EXERCISE INPUT »
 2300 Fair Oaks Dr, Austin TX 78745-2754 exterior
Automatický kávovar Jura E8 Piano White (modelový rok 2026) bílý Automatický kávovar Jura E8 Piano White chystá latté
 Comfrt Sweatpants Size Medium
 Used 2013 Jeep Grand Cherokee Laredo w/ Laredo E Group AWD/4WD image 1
* * *
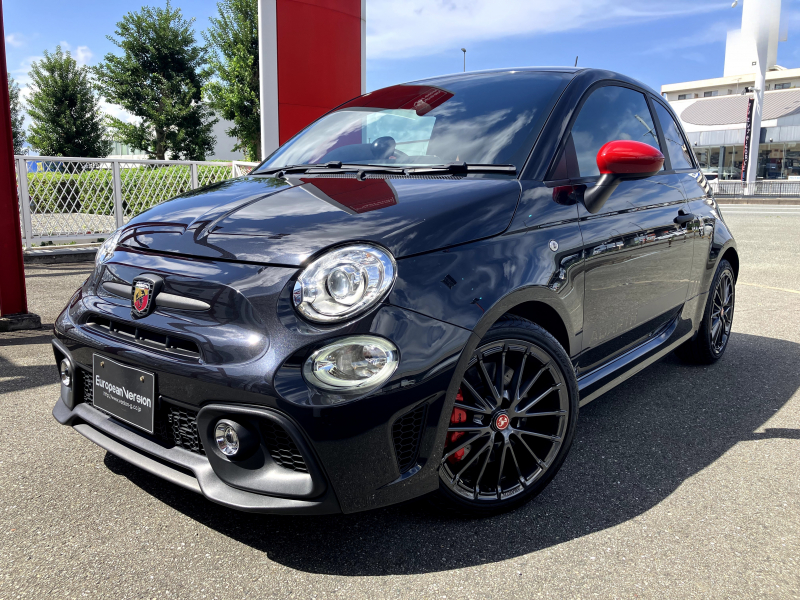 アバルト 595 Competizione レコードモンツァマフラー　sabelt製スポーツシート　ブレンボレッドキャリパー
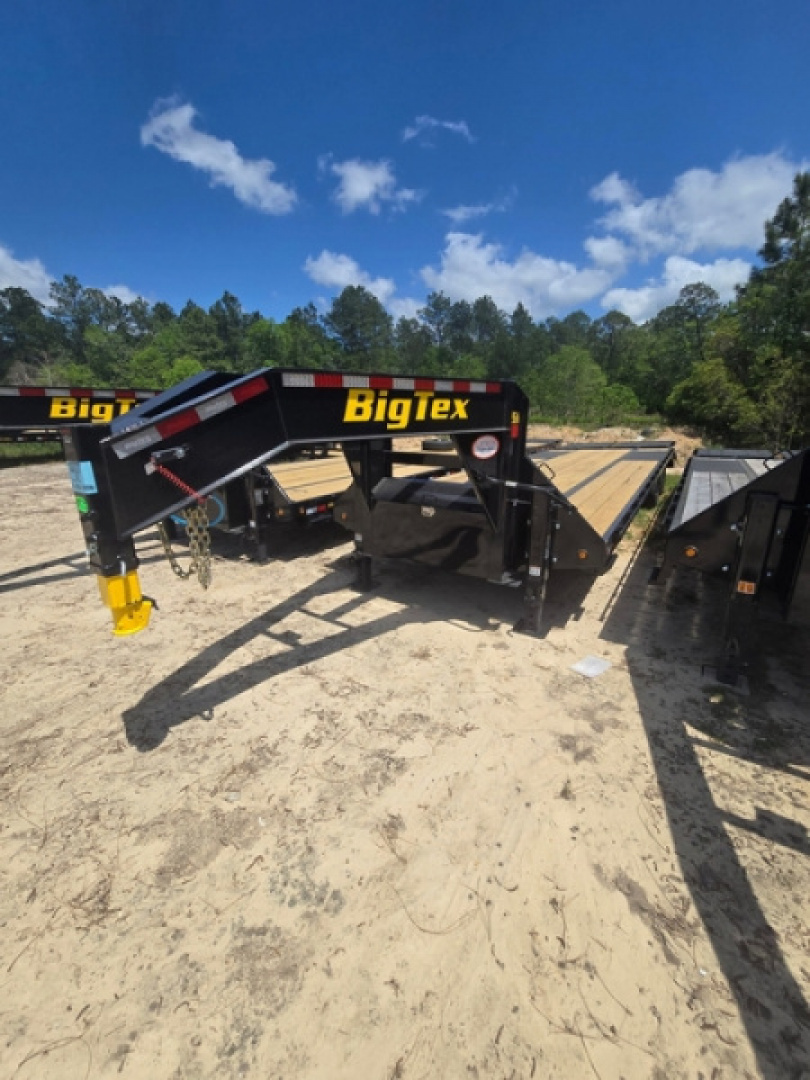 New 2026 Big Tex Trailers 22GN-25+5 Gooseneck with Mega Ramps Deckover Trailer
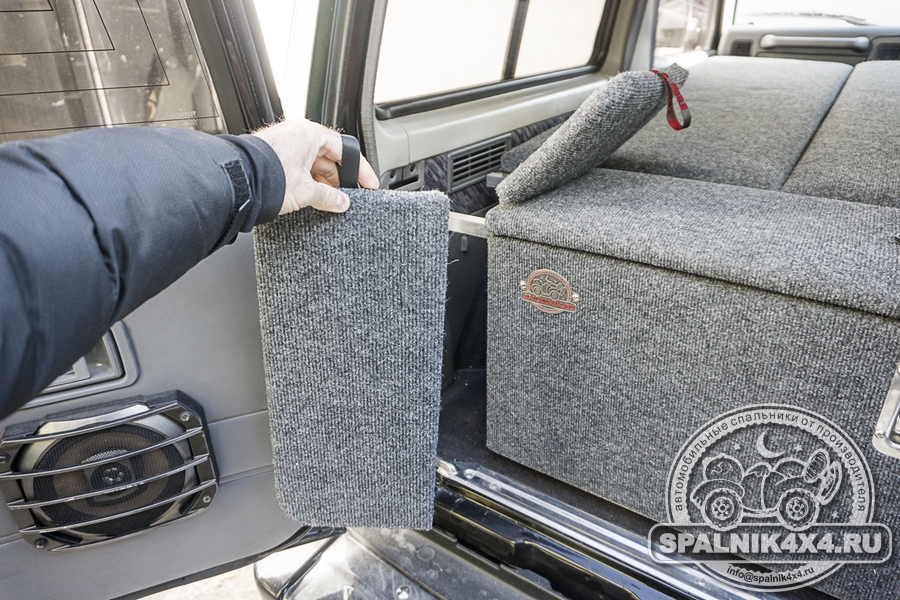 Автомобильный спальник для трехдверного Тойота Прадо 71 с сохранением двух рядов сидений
---
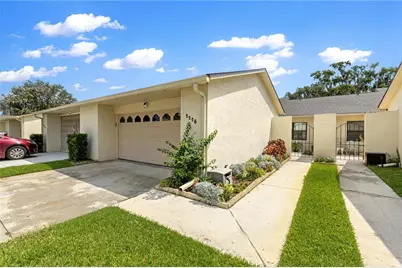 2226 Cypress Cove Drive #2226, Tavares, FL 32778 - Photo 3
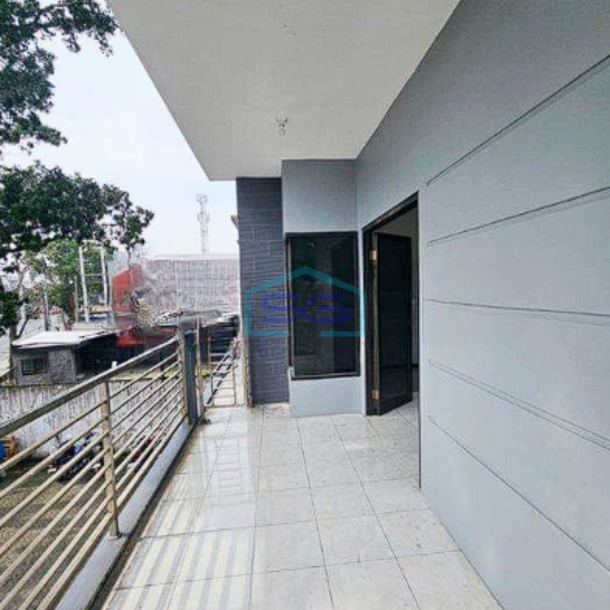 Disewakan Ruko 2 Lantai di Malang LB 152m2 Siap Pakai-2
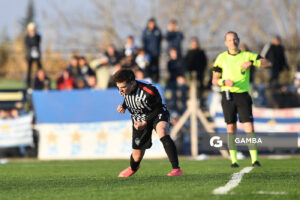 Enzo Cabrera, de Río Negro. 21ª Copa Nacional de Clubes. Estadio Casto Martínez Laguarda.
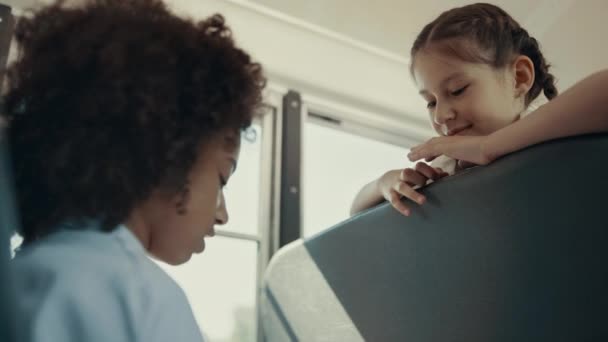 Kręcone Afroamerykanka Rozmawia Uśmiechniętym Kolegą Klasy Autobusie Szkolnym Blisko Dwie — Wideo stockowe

YOUR GOAL » Each line above starting at the one holding "Disewakan Ruko 2" and ending at the one holding "Kręcone Afroamerykanka Rozmawia" should be set down exactly as it stands, both ends included, with no pictures.

EXERCISE RESPONSE »
 Disewakan Ruko 2 Lantai di Malang LB 152m2 Siap Pakai-2
 Enzo Cabrera, de Río Negro. 21ª Copa Nacional de Clubes. Estadio Casto Martínez Laguarda.
 Kręcone Afroamerykanka Rozmawia Uśmiechniętym Kolegą Klasy Autobusie Szkolnym Blisko Dwie — Wideo stockowe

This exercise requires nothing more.